И когда невысокий полненький и кучерявый Янклович вышел, который переживёт поэта на несколько десятков лет и снимется в нескольких документальных фильмах, рассказывая, как он любил Володю, я начал с главного:
— Хотите — верьте, хотите — нет, но 25 июля этого года на гастролях в Бухаре вы переживёте клиническую смерть. С вами полетят: Всеволод Абдулов, администратор Янклович, Оксана Афанасьева и врач Анатолий Федотов, который сделает инъекцию прямо в сердечную мышцу и спасёт вам жизнь.
— Мы все под смертью ходим, — усмехнулся поэт.
— Ходим-то все, но не каждый ежедневно заглядывать смерти в пасть, — буркнул я. — А ровно через год, 25 июля 1980 года вы умрёте.
— И из чего сие следует? — Всё так же шутливо спросил Высоцкий.
— Из того, что очередь к гробу растянется на 9 километров. Так как придут проститься сто тысяч человек. И ещё из того, что на вас наденут костюм Гамлета, в котором вы сейчас в театре играете. Из того, что похоронят на Ваганьковском кладбище, ибо власти не разрешат на Новодевичьим. Хуже того — сделаю посмертную маску, и из неё затем сварганят памятник на могилу.
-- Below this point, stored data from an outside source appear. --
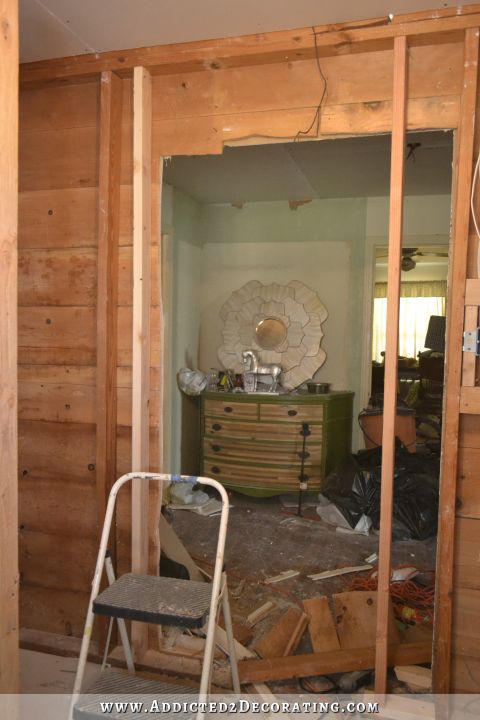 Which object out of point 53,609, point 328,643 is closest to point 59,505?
point 53,609

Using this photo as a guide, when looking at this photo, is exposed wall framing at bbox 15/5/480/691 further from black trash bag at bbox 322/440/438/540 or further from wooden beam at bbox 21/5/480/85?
black trash bag at bbox 322/440/438/540

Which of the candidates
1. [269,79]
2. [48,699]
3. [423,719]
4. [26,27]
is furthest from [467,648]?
[26,27]

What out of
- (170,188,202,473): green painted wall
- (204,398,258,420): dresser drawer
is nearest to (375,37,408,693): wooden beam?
(204,398,258,420): dresser drawer

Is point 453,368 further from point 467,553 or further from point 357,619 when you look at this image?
point 357,619

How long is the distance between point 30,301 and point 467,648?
2.21 m

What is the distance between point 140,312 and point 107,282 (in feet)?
0.64

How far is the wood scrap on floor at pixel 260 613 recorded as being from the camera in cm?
255

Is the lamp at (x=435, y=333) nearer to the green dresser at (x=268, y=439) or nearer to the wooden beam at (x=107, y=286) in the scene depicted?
the green dresser at (x=268, y=439)

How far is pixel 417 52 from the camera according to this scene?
1.89 meters

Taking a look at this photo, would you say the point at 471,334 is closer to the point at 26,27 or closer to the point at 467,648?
the point at 467,648

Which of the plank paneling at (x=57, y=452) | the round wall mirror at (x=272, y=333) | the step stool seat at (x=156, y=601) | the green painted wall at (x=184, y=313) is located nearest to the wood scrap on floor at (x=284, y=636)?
the step stool seat at (x=156, y=601)

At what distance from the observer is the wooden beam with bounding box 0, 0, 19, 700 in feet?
4.44

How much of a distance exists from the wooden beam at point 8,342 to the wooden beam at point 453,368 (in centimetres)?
140

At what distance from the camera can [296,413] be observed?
13.9ft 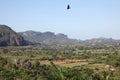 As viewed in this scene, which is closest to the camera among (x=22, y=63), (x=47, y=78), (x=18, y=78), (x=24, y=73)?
(x=47, y=78)

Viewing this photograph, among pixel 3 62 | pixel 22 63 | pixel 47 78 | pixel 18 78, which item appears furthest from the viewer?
pixel 22 63

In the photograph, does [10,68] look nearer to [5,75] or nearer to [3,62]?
Result: [3,62]

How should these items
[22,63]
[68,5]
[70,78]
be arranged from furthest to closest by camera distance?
1. [22,63]
2. [70,78]
3. [68,5]

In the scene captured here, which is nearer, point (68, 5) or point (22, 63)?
point (68, 5)

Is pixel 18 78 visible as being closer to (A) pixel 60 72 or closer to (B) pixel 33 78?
(B) pixel 33 78

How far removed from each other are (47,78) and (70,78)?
137 feet

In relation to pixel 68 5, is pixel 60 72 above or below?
below

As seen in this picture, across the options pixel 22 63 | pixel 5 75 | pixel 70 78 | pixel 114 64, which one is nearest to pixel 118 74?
pixel 114 64

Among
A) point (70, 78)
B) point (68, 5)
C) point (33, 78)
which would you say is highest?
point (68, 5)

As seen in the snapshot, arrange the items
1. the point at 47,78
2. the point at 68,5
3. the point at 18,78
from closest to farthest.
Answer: the point at 68,5, the point at 47,78, the point at 18,78

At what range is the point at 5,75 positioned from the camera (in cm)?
6669

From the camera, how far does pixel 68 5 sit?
15.1m

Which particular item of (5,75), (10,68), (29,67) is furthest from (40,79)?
(29,67)

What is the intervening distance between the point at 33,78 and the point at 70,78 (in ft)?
160
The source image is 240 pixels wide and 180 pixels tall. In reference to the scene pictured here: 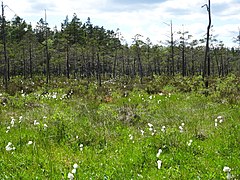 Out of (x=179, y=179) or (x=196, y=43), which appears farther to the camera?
(x=196, y=43)

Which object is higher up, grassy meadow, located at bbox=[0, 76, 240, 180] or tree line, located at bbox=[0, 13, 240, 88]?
tree line, located at bbox=[0, 13, 240, 88]

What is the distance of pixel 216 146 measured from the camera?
7.07 m

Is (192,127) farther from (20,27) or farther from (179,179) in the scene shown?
(20,27)

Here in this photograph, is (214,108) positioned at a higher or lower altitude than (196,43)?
lower

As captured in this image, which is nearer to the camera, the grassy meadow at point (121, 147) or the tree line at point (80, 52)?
the grassy meadow at point (121, 147)

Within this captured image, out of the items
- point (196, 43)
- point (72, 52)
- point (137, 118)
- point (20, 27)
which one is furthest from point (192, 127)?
point (20, 27)

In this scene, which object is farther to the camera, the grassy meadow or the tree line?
the tree line

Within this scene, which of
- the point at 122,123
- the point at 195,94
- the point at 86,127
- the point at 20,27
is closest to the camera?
the point at 86,127

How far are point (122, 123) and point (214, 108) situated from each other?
497 cm

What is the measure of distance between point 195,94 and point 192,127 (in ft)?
29.1

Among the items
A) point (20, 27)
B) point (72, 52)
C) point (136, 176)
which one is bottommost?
point (136, 176)

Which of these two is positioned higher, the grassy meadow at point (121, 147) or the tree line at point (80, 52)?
the tree line at point (80, 52)

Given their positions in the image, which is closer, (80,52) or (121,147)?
(121,147)

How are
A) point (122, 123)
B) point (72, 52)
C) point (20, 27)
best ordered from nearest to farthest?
point (122, 123) → point (72, 52) → point (20, 27) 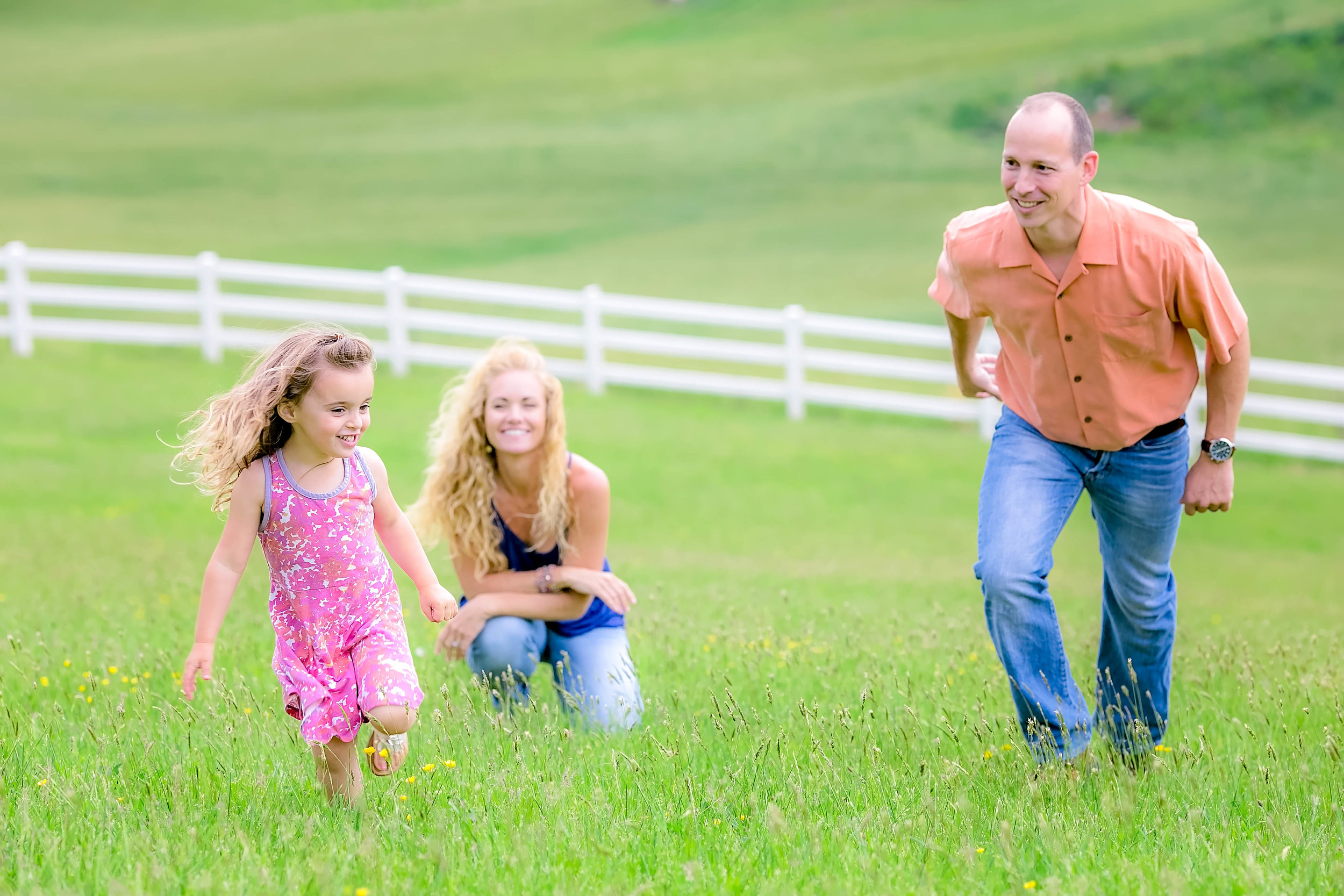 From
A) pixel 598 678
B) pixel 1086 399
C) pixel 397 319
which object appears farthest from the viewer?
pixel 397 319

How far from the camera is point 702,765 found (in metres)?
3.93

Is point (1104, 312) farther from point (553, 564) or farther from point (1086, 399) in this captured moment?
point (553, 564)

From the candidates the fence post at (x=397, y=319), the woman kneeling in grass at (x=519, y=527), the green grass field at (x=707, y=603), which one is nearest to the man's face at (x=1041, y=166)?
the green grass field at (x=707, y=603)

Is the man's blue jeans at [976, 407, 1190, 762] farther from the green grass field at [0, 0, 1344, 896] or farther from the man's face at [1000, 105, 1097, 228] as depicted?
the man's face at [1000, 105, 1097, 228]

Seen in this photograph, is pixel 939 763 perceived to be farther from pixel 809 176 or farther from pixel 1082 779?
pixel 809 176

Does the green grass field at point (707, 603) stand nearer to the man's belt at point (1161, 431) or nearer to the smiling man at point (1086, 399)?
the smiling man at point (1086, 399)

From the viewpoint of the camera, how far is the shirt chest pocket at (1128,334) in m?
3.97

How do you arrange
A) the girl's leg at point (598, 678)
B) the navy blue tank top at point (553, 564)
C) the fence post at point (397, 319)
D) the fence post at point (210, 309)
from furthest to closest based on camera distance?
the fence post at point (210, 309) → the fence post at point (397, 319) → the navy blue tank top at point (553, 564) → the girl's leg at point (598, 678)

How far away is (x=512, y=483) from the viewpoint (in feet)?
16.7

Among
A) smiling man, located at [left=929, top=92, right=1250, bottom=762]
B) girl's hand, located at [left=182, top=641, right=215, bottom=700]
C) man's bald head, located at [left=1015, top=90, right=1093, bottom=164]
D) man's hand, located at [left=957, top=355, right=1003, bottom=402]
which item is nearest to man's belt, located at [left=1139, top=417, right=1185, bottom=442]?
smiling man, located at [left=929, top=92, right=1250, bottom=762]

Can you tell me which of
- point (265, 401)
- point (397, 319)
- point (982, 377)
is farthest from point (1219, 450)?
point (397, 319)

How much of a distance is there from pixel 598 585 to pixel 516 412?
2.18 feet

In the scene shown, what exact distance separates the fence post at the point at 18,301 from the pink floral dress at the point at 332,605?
47.6 feet

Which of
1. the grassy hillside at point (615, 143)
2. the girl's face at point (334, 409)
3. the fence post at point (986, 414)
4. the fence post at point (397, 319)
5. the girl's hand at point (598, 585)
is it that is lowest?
the girl's hand at point (598, 585) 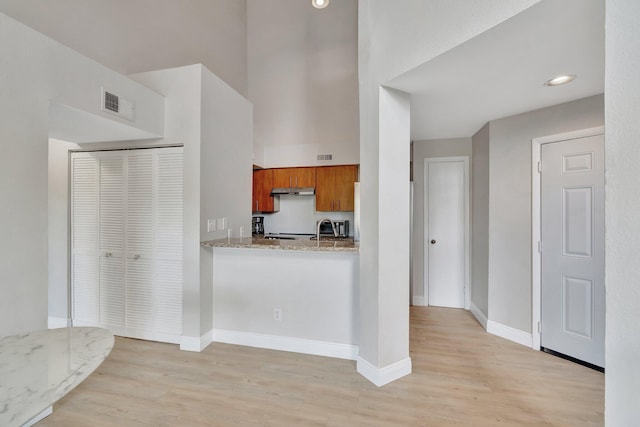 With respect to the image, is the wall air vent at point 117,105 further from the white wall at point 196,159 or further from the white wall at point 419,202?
the white wall at point 419,202

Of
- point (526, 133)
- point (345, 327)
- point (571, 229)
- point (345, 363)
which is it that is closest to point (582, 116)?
point (526, 133)

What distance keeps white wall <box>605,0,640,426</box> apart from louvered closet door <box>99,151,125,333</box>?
3.60 metres

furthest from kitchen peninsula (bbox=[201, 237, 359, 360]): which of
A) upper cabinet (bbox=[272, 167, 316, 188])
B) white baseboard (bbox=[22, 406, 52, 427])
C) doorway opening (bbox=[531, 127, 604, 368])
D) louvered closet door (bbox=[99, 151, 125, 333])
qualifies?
upper cabinet (bbox=[272, 167, 316, 188])

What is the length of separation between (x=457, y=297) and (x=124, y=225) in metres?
4.22

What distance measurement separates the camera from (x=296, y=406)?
192 cm

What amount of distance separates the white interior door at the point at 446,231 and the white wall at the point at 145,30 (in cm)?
386

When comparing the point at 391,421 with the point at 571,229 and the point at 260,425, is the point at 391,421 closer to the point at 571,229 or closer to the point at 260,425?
the point at 260,425

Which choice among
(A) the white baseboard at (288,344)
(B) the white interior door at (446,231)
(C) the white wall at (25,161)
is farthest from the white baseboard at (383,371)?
(C) the white wall at (25,161)

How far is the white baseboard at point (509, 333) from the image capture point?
284cm

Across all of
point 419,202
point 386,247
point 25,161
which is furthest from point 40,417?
point 419,202

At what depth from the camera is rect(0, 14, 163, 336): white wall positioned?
62.8 inches

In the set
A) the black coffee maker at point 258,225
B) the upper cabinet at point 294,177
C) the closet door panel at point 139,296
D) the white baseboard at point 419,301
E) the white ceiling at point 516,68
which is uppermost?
the white ceiling at point 516,68

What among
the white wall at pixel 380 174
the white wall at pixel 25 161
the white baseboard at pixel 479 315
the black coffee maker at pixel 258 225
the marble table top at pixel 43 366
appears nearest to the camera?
the marble table top at pixel 43 366

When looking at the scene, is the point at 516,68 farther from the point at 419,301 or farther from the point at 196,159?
the point at 419,301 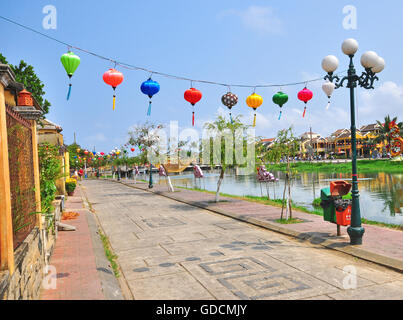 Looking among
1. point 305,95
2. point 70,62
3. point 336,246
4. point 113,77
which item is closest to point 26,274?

— А ты вправду футболист? — Насторожился вдруг поэт, немного потрясённый деталями похорон, которые я намеренно произнёс для убедительности.
Я приподнял штанины и показал свои ноги в синяках, в свежих — синих и в старых — уже пожелтевших.
— Я — футболист, которому сняться вещие сны. — Приврал я. — Однако будущее можно и изменить, если этого сильно захотеть.
— Вопрос захочу ли я? — Пробормотал Высоцкий.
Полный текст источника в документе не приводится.